Brief descriptive captions:
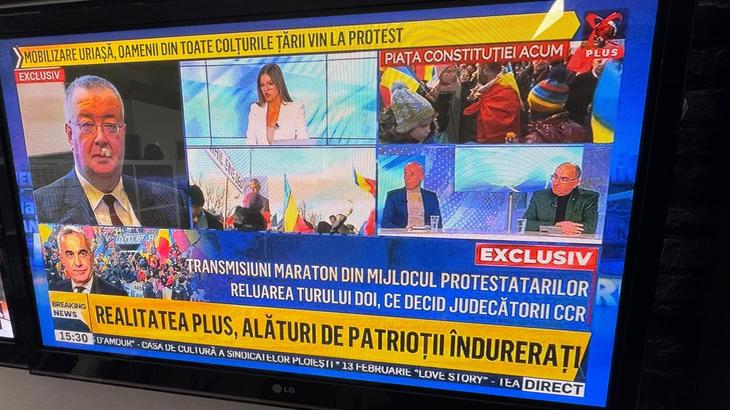 GALERIE FOTO. Realitatea Plus, "broadcaster oficial" pentru mitingul pro Călin Georgescu. E aproape singurul subiect al zilei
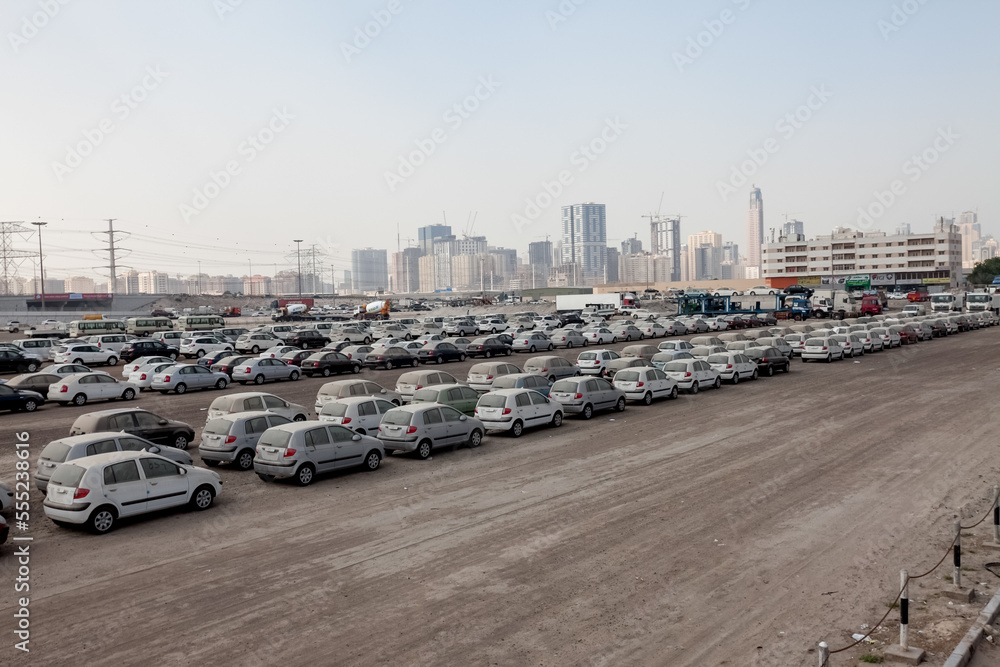 阿联酋沙迦垃圾车市场上有很多二手车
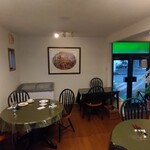 ラ・ウル - カウンター席からの店内2/2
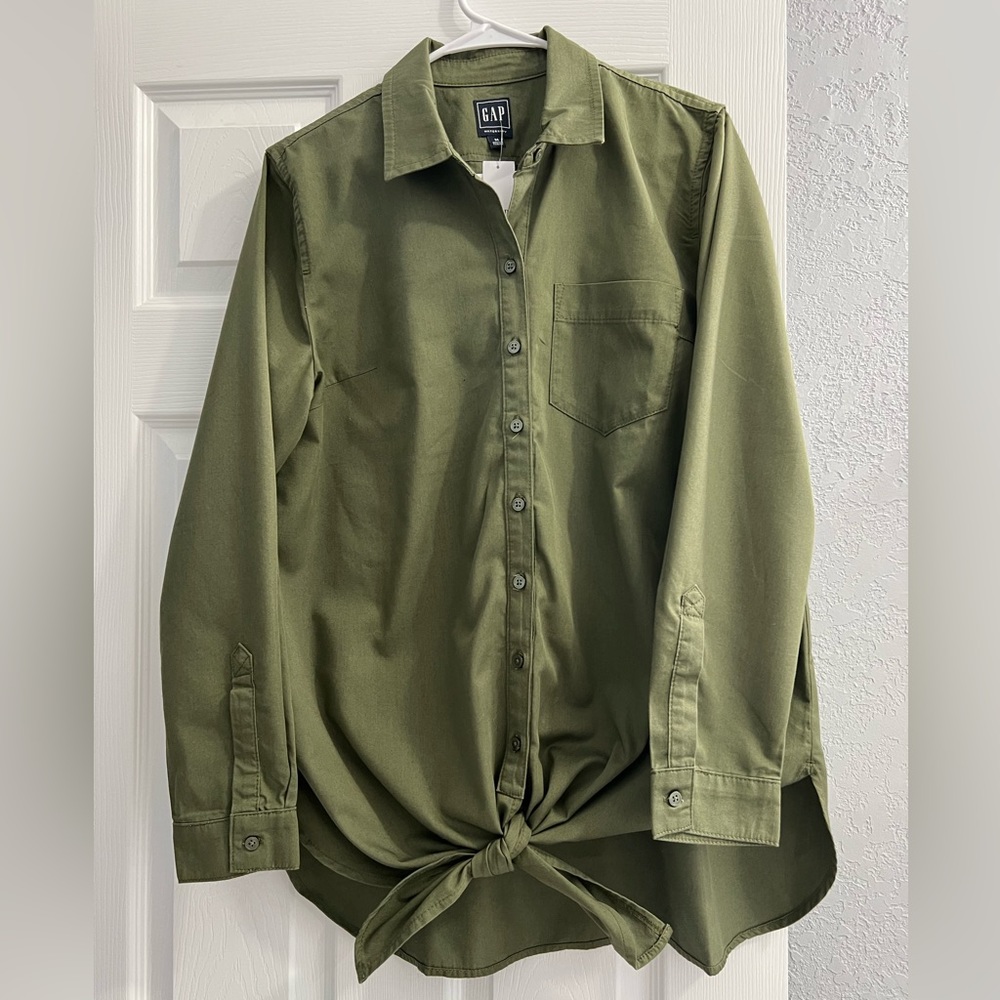 Gap maternity shirt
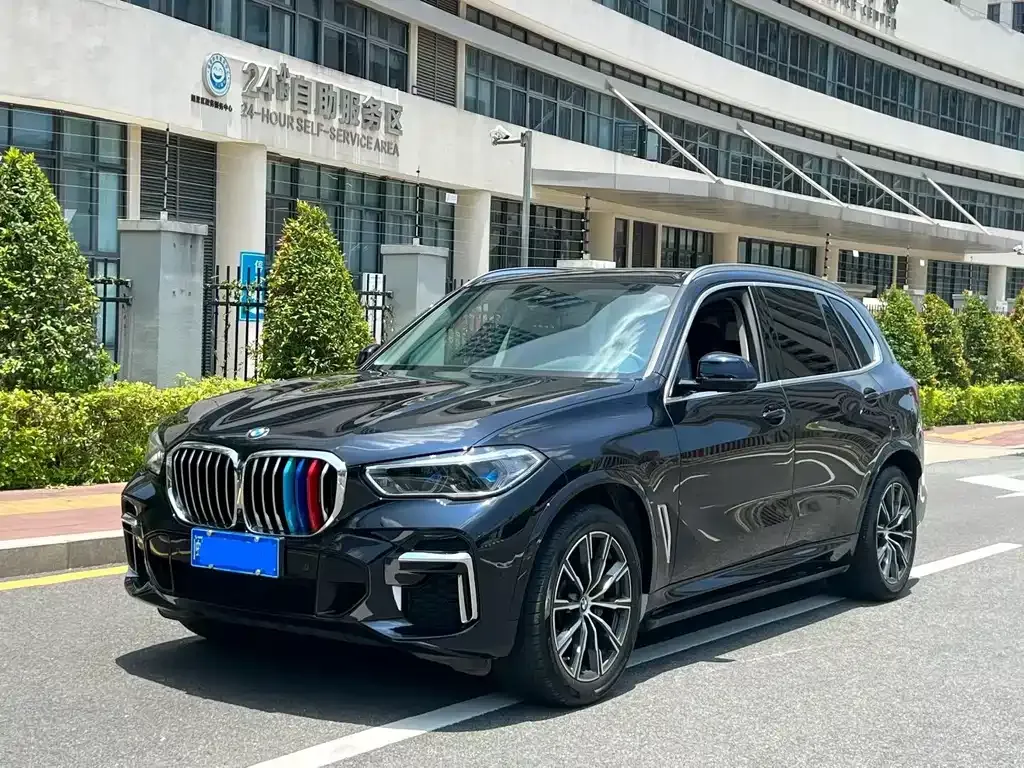 BMW X5 — фото 1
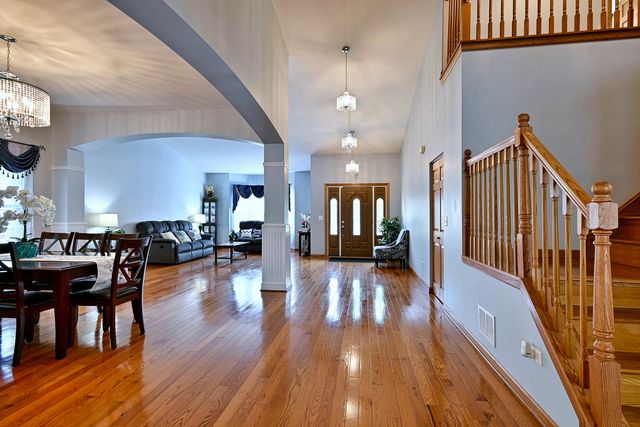 1452 Sage Drive, Bolingbrook, IL 60490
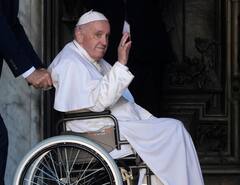 ईसाइयों के सबसे बड़े धर्मगुरू पोप फ्रांसिस को सांस लेने में तकलीफ, हॉस्पिटल में भर्ती कराए गए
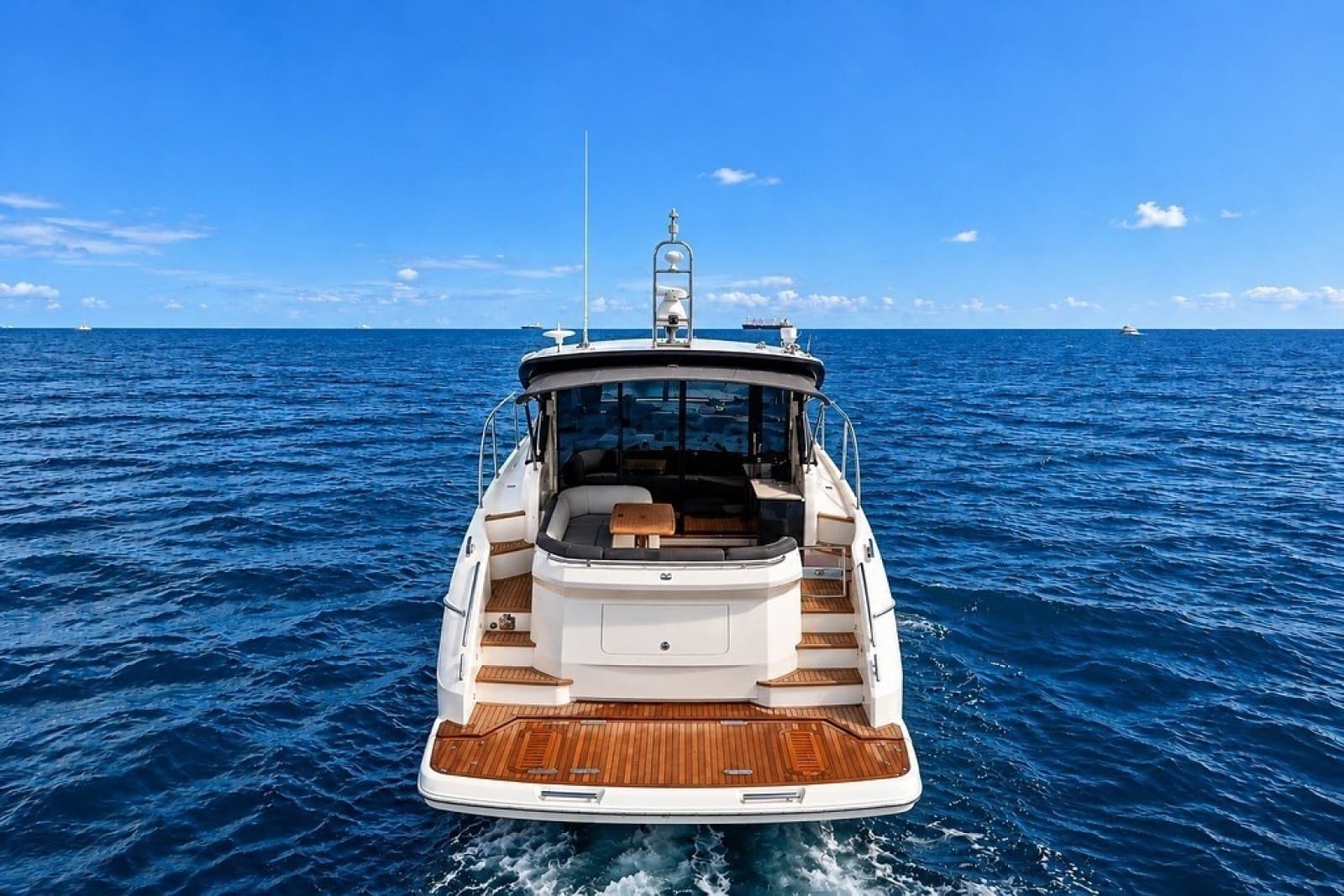 2015 Princess V48 - Photo 2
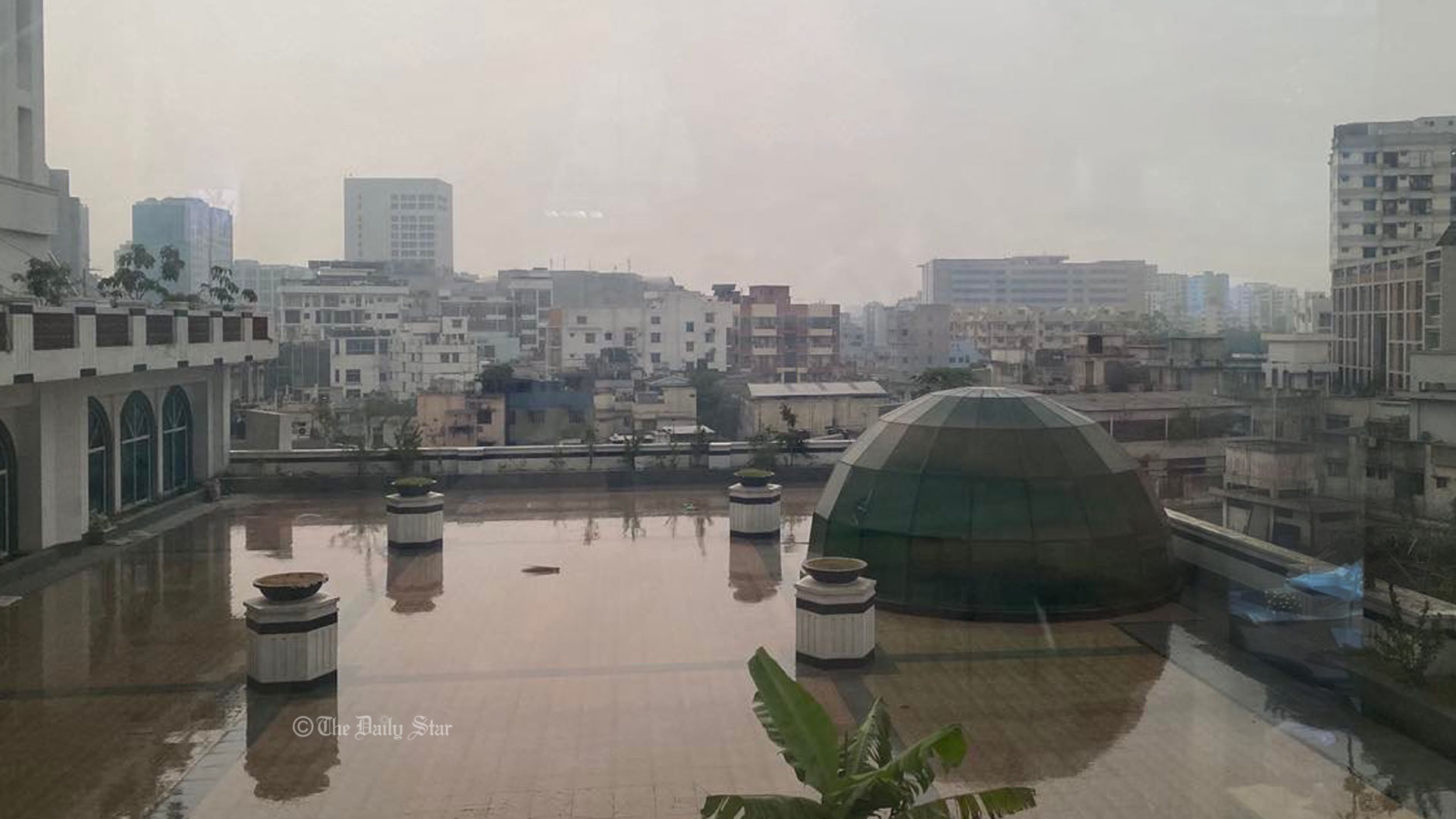 বছরের প্রথম বৃষ্টিতে সিক্ত রাজধানী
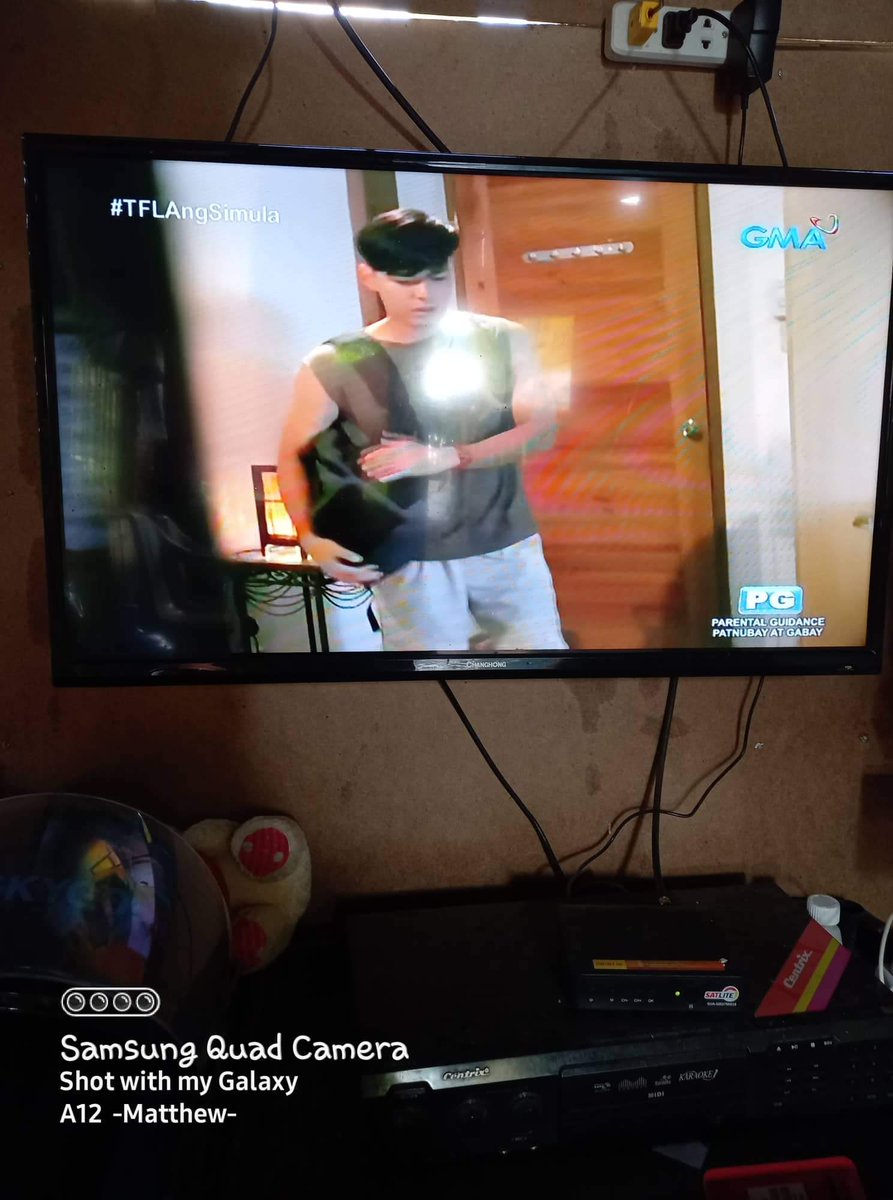 JahCullen143's tweet photo. Nganga ka habang nanunuod @aalixjr kudos talaga sau direk kaya support kami lagi sau eh
#TFLAngSimula https://t.co/cx7G2YW5W9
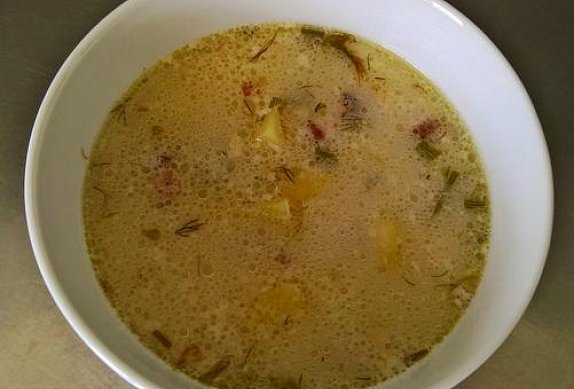 Koprová polévka s uzeným masem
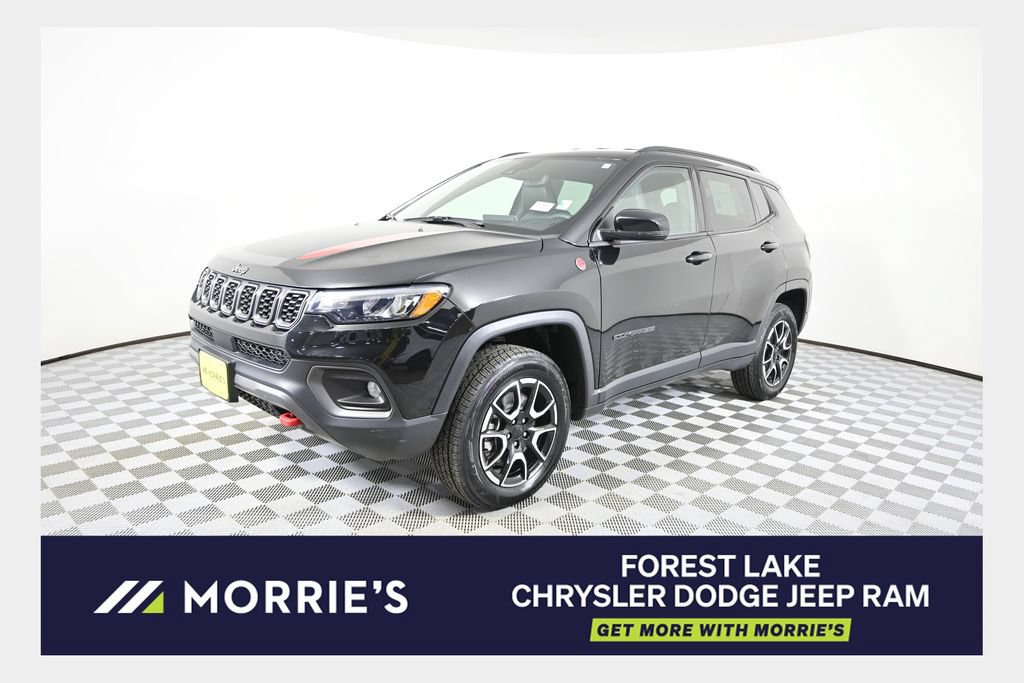 Used 2024 Jeep Compass Trailhawk AWD/4WD image 1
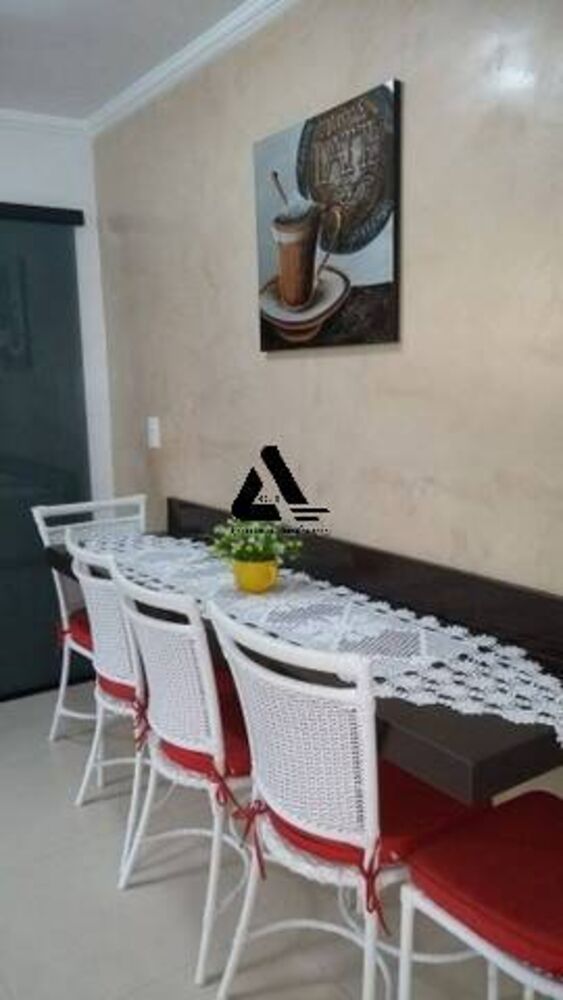 Casa à venda com 3 quartos, 180m² - Foto 2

▸ **Work instruction**
Only the words belong in your copy: restate the data above exactly and leave the images out.

▸ **Problem solution**
 GALERIE FOTO. Realitatea Plus, "broadcaster oficial" pentru mitingul pro Călin Georgescu. E aproape singurul subiect al zilei
 阿联酋沙迦垃圾车市场上有很多二手车
 ラ・ウル - カウンター席からの店内2/2
 Gap maternity shirt
 BMW X5 — фото 1
 1452 Sage Drive, Bolingbrook, IL 60490
 ईसाइयों के सबसे बड़े धर्मगुरू पोप फ्रांसिस को सांस लेने में तकलीफ, हॉस्पिटल में भर्ती कराए गए
 2015 Princess V48 - Photo 2
 বছরের প্রথম বৃষ্টিতে সিক্ত রাজধানী
 JahCullen143's tweet photo. Nganga ka habang nanunuod @aalixjr kudos talaga sau direk kaya support kami lagi sau eh
#TFLAngSimula https://t.co/cx7G2YW5W9
 Koprová polévka s uzeným masem
 Used 2024 Jeep Compass Trailhawk AWD/4WD image 1
 Casa à venda com 3 quartos, 180m² - Foto 2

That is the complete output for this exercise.